Original Research

COVID-19: Job insecurity as a moderator of e-learning acceptance in Indian organisations

Syed R. Naqvi, Puja Sareen, Tanuja Sharma, Swati Chawla, Sheela N. Wadhwa, Ritika Malik
SA Journal of Human Resource Management | Vol 21 | a2130 | DOI: https://doi.org/10.4102/sajhrm.v21i0.2130 | © 2023 Syed R. Naqvi, Puja Sareen, Tanuja Sharma, Swati Chawla, Sheela N. Wadhwa, Ritika Malik | This work is licensed under CC Attribution 4.0
Submitted: 30 September 2022 | Published: 02 August 2023

About the author(s)

Syed R. Naqvi, Amity Business School, Amity University, Noida, India
Puja Sareen, Amity Business School, Amity University, Noida, India
Tanuja Sharma, Management and Development Institute, Gurgaon, India
Swati Chawla, Management Education and Research Institute, New Delhi, India
Sheela N. Wadhwa, Management Education and Research Institute, New Delhi, India
Ritika Malik, Bharati Vidyapeeth (Deemed to be University), Pune Institute of Management and Research, New Delhi, India

Abstract

Orientation: Coronavirus disease 2019 (COVID-19) pandemic caused the loss of jobs of more than 340 million individuals worldwide in the middle of 2020. At the same time, COVID-19 pandemic sparked increased usage of digital products, Internet resources, online media technology and e-learning practices.

Research purpose: The research strives to explore the moderating role of job insecurity caused by the coronavirus towards the usage of e-learning.

Motivation for study: This study aimed to assess the behavioural effects of employees working in the most damaged sectors related to rental and business services of Indian businesses.

Research approach/design and method: The investigation used a structured questionnaire for the survey data obtained from 307 employees from the most affected sectors in major cities of India.

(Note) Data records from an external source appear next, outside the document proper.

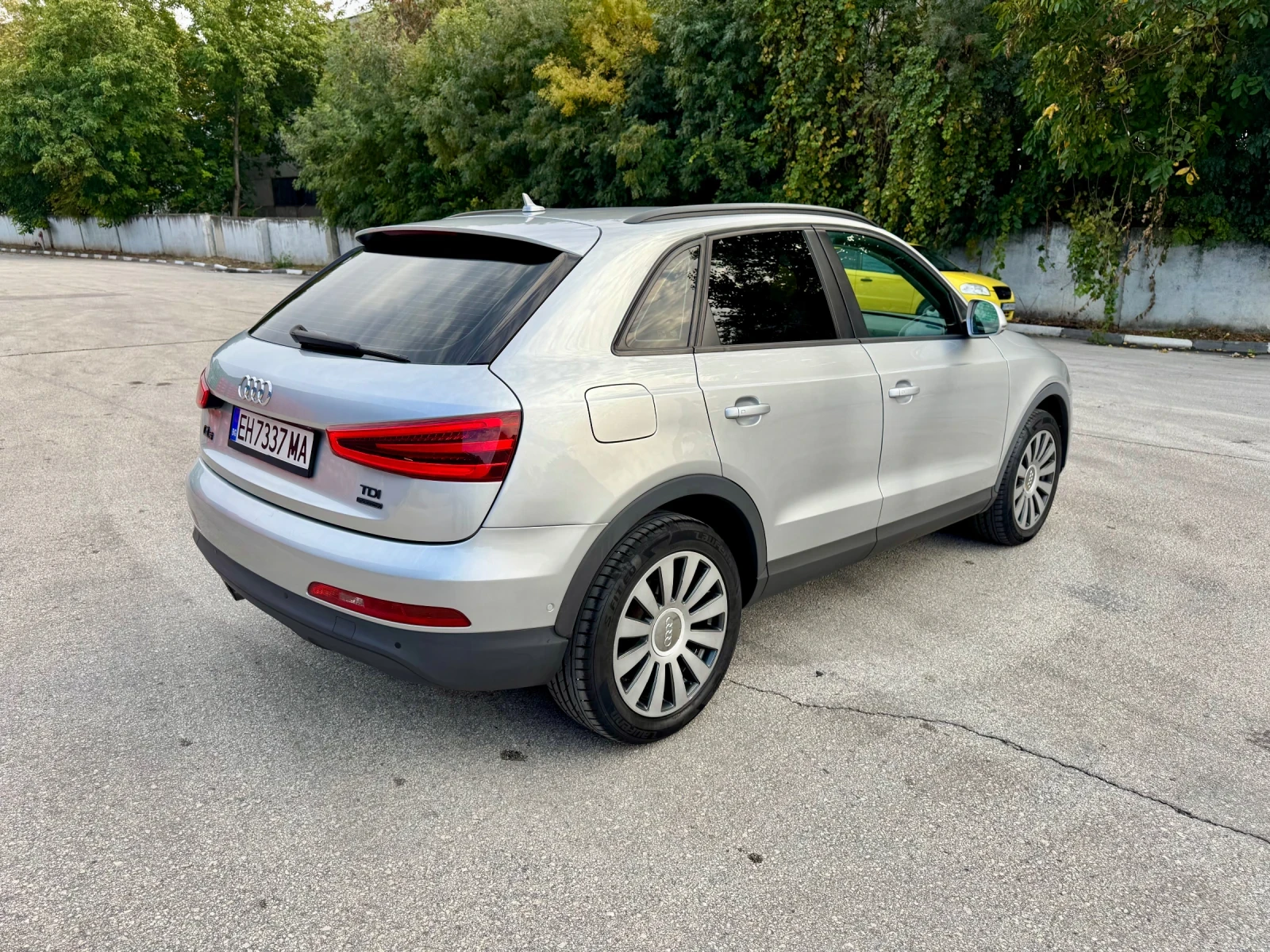Audi Q3 2.0 TDI QUATTRO AUT | Mobile.bg � ����������� 4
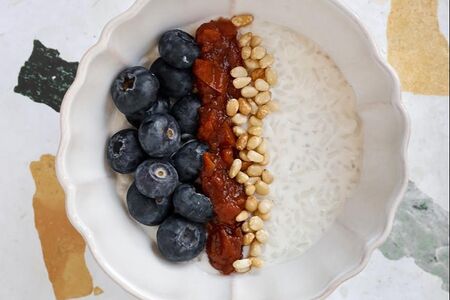 Рисовая каша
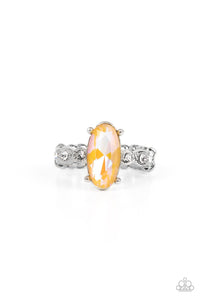 Paparazzi Stellar Sensation - Yellow Ring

The research utilised the conservation of resources (COR) theories and the General Extended Technology Acceptance Model for e-learning (GETAMEL) framework for the investigation. To probe the evidence, the researchers used Structural Equation Modelling techniques.

Main findings: The findings revealed a substantial impact of ‘job uncertainty’ as a moderator in employees’ acceptability towards e-learning.

Practical/managerial implications: The study provides a deep insight to experts, educators, top management, policymakers, team managers and human resource (HR) practitioners about the moderation effect of job insecurity created by pandemics on technology acceptance.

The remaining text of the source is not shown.